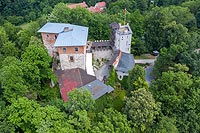 Zamek w Korzkwi - Widok zamku na zdjęciu lotniczym, fot. ZeroJeden, VI 2019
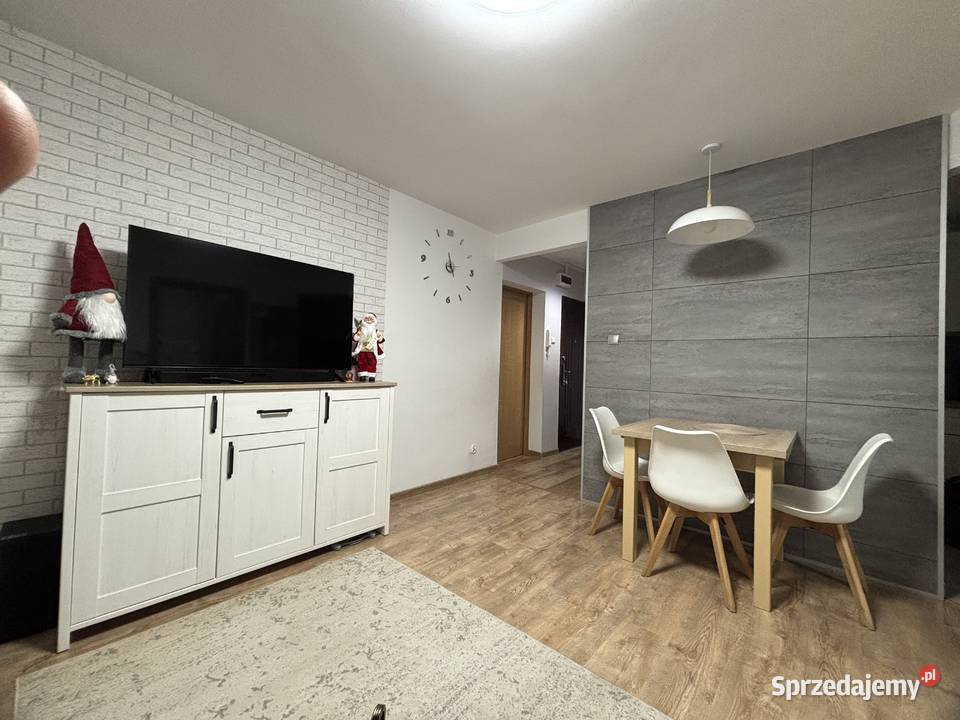 3 pokojowe mieszkanie z balkonem 47m2 remontach 3 piętra i więcej Mrągowo
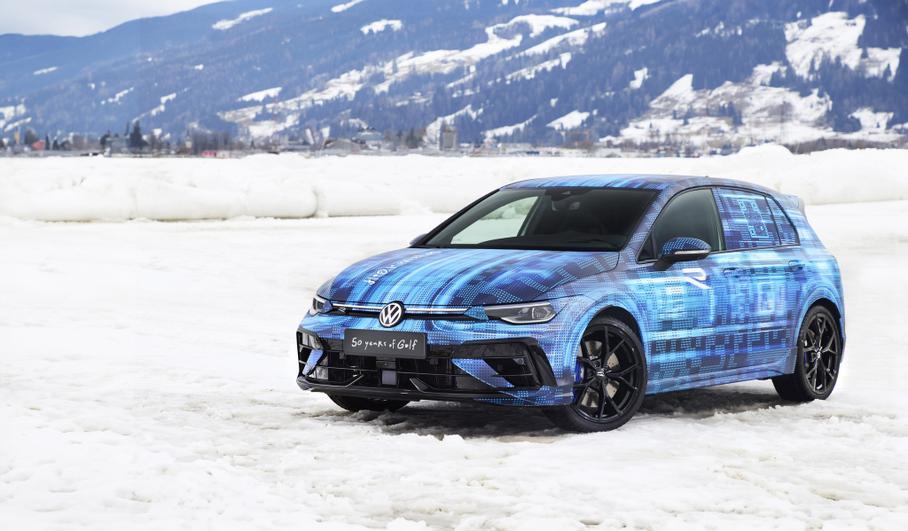 Volkswagen показал обновлённый хэтчбек Golf R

========

Work request:
Retype the data word for word, please, and keep the images out.

Worked solution:
 Zamek w Korzkwi - Widok zamku na zdjęciu lotniczym, fot. ZeroJeden, VI 2019
 3 pokojowe mieszkanie z balkonem 47m2 remontach 3 piętra i więcej Mrągowo
 Volkswagen показал обновлённый хэтчбек Golf R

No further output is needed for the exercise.